There isn’t anything wrong with monogamy; in fact I’ve been in multiple monogamous relationships myself. It’s a wonderful idea, and for a lot of us, it’s the heartwarming dream, the proverbial light at the end of a dark, dreary tunnel. If you really want it, you should go out of your way and fight the odds to get it. Be the Netflix movie that you secretly despise. But that still doesn’t give you any reason to step on and snigger at people who don’t fall in line with your idea of dating.

Nor should those who reject the notion of monogamy scoff at anyone who follows it. It’s not exactly ‘heteronormative’ to want a monogamous relationship – I know plenty of people who have their Tinder on speed dial as well.

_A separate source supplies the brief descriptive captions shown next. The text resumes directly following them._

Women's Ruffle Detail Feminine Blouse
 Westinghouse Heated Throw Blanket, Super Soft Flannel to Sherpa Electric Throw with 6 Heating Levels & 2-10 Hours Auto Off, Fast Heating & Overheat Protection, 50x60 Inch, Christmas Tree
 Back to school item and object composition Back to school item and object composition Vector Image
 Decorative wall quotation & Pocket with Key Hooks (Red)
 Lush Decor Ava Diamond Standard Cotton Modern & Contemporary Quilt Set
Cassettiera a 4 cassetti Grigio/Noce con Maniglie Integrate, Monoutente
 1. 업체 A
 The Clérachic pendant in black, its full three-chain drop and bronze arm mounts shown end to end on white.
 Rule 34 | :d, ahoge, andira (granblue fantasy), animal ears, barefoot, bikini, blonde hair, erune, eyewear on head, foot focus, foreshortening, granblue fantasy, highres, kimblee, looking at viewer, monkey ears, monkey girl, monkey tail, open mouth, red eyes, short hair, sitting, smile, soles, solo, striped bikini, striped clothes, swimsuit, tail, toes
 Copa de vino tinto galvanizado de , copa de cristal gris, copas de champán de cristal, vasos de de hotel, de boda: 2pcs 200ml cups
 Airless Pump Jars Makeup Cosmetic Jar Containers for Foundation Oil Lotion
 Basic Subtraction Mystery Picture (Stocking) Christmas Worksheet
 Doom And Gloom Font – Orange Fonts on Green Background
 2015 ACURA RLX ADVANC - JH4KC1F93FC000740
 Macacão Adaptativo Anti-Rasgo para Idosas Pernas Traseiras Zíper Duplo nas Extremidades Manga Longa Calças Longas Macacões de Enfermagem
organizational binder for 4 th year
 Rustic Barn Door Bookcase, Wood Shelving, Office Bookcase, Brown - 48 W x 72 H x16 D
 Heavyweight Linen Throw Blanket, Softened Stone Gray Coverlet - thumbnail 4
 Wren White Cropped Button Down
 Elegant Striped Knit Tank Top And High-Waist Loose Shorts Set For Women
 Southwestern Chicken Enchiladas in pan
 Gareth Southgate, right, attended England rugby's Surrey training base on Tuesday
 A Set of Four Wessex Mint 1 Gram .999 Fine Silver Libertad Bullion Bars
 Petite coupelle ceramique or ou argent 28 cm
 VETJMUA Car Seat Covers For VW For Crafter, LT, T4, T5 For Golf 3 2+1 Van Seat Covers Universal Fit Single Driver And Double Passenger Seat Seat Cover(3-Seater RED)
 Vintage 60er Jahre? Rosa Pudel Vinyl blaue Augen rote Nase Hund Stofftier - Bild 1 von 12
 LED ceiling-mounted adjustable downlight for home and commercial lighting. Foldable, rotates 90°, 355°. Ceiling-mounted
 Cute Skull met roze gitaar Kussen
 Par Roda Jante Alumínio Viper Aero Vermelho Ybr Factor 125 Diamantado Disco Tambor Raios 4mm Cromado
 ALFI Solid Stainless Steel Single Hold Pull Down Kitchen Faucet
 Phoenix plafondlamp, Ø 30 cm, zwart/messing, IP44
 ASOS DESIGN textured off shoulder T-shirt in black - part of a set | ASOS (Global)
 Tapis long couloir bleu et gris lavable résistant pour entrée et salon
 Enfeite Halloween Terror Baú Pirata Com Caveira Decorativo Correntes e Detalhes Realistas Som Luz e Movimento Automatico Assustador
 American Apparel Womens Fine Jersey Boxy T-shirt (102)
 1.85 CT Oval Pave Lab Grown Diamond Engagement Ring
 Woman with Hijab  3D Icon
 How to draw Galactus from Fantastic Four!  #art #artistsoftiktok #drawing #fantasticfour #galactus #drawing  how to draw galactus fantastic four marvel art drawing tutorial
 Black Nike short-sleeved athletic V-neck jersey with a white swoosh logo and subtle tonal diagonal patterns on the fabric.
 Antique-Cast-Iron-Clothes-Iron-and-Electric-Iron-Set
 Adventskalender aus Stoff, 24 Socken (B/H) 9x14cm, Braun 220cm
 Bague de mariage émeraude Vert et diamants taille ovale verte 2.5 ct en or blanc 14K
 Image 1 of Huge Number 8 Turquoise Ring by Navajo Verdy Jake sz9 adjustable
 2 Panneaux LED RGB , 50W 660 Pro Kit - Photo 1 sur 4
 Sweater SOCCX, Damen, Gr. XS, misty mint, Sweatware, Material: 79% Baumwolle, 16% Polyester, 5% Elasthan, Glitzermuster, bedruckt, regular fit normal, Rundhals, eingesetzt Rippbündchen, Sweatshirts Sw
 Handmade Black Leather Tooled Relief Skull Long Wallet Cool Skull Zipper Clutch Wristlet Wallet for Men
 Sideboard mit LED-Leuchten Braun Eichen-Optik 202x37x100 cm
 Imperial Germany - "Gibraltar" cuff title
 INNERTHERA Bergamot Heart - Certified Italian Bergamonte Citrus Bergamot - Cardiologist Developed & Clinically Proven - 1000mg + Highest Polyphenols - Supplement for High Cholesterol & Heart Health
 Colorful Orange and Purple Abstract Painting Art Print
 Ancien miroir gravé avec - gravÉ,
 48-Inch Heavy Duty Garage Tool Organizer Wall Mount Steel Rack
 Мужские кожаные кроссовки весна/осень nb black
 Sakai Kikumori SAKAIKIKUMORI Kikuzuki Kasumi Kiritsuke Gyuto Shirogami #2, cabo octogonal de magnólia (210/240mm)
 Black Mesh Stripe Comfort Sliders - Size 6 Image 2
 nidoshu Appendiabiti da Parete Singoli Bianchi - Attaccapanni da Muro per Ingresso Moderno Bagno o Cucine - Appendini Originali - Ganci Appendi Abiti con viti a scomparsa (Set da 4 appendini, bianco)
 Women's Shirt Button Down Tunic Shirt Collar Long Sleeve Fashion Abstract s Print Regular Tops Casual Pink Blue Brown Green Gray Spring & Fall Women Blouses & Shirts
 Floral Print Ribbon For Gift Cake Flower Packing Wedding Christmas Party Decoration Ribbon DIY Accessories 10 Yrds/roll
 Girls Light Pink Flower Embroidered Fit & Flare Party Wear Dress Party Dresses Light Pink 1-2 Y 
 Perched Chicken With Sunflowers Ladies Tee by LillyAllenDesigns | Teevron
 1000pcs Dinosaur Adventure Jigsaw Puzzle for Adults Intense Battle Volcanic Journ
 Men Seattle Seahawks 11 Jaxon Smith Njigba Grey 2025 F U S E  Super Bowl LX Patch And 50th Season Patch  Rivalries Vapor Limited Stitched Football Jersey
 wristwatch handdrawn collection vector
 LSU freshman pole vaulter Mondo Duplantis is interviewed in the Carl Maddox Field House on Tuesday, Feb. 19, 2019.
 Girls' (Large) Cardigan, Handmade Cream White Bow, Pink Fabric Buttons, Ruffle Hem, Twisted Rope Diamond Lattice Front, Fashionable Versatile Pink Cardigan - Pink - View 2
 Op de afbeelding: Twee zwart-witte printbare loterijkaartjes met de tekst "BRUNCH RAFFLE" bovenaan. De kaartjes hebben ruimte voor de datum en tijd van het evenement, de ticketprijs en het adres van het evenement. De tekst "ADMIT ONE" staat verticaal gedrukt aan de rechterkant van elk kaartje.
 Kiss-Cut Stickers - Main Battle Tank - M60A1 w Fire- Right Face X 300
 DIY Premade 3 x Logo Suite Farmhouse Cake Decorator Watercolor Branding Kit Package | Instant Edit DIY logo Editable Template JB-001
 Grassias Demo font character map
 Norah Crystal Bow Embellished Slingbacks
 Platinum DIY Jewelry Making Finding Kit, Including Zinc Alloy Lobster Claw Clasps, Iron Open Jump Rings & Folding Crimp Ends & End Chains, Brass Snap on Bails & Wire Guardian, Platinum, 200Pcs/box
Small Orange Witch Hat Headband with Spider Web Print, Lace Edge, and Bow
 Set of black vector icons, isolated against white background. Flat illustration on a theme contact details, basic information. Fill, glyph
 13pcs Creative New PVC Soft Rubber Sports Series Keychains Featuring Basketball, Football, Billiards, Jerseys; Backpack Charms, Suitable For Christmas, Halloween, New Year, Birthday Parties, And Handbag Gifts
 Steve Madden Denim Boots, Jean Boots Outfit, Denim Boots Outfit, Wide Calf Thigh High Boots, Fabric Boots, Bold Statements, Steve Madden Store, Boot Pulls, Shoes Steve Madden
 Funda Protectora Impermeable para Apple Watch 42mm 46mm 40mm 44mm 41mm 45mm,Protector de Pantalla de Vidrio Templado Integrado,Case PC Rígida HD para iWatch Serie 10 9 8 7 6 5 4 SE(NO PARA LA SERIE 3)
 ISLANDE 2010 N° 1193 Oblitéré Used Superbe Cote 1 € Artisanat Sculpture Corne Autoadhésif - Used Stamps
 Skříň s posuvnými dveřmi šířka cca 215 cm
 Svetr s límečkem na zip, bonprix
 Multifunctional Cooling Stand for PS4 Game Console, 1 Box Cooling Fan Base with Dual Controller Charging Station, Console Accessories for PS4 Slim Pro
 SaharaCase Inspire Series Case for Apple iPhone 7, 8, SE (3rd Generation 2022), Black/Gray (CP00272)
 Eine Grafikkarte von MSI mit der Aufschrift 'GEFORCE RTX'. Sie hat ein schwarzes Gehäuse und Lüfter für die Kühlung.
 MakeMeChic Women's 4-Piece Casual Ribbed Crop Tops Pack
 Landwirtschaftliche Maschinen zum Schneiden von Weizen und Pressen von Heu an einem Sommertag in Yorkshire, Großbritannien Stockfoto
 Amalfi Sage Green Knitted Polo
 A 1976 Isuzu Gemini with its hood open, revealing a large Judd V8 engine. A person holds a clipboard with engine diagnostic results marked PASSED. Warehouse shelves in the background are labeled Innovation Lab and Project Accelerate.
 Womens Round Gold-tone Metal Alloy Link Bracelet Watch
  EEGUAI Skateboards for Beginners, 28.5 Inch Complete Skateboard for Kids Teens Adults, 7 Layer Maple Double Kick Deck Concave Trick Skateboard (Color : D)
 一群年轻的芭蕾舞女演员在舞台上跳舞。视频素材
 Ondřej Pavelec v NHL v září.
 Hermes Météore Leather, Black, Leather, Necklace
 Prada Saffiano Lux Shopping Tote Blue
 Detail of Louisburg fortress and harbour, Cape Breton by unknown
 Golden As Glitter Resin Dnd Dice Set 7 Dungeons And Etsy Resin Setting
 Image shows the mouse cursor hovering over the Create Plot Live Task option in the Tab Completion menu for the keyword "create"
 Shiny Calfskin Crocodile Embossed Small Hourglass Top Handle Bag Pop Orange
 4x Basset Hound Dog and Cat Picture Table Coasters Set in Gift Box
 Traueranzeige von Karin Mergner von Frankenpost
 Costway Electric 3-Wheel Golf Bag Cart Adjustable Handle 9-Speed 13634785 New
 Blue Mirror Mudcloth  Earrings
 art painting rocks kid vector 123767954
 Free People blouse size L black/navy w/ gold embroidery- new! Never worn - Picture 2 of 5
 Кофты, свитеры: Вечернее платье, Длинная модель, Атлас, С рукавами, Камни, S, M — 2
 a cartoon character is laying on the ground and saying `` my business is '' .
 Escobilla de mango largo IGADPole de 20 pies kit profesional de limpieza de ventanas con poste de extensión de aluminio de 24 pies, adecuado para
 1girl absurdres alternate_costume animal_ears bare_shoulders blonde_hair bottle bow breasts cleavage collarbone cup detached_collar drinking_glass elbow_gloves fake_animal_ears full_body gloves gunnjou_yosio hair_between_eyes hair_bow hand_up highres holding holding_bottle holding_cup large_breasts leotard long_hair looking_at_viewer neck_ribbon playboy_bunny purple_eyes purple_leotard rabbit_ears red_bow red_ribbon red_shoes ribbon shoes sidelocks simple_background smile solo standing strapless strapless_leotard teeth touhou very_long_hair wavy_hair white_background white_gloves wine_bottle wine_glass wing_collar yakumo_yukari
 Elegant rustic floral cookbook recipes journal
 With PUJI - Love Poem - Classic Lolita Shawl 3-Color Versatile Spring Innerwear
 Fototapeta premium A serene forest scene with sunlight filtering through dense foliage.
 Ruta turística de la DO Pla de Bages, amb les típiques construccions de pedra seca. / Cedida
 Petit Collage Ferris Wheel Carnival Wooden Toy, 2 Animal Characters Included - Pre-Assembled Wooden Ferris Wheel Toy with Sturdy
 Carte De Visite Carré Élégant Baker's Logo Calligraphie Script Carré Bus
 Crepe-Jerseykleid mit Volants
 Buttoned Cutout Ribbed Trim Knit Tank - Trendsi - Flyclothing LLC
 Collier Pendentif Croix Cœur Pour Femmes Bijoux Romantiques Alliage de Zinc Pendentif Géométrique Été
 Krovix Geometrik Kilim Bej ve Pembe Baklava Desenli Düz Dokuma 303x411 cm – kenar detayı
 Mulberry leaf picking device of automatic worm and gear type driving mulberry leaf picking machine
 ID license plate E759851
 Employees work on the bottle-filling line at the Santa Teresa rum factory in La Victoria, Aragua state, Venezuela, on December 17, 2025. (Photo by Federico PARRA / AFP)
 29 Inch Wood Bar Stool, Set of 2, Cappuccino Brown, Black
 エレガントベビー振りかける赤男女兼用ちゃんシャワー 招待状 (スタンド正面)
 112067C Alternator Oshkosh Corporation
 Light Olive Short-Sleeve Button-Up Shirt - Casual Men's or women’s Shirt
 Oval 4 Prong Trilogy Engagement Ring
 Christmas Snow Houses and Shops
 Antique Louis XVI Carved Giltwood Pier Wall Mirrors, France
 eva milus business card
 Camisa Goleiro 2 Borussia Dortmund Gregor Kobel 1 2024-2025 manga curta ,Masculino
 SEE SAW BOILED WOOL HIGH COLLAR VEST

But then, the concept of gay monogamy has always had a different tangent from its straight counterpart. Straight relationships usually have set milestones – courtship; engagement; marriage; children; and grandchildren till you reach that constant state of bliss spent bickering over who gets the remote control (or control over the Netflix account) in the end.

What do gay people have? Fall in love, settle in and move in together… and then what? Get a dog? Get a couple of kittens? A twin Vespa? Get matching cardigans and go on a world cruise, maybe?

Until marriage equality and relaxed rules around adoption come into play, gay men will have to wait – and we might as well wait around with some company.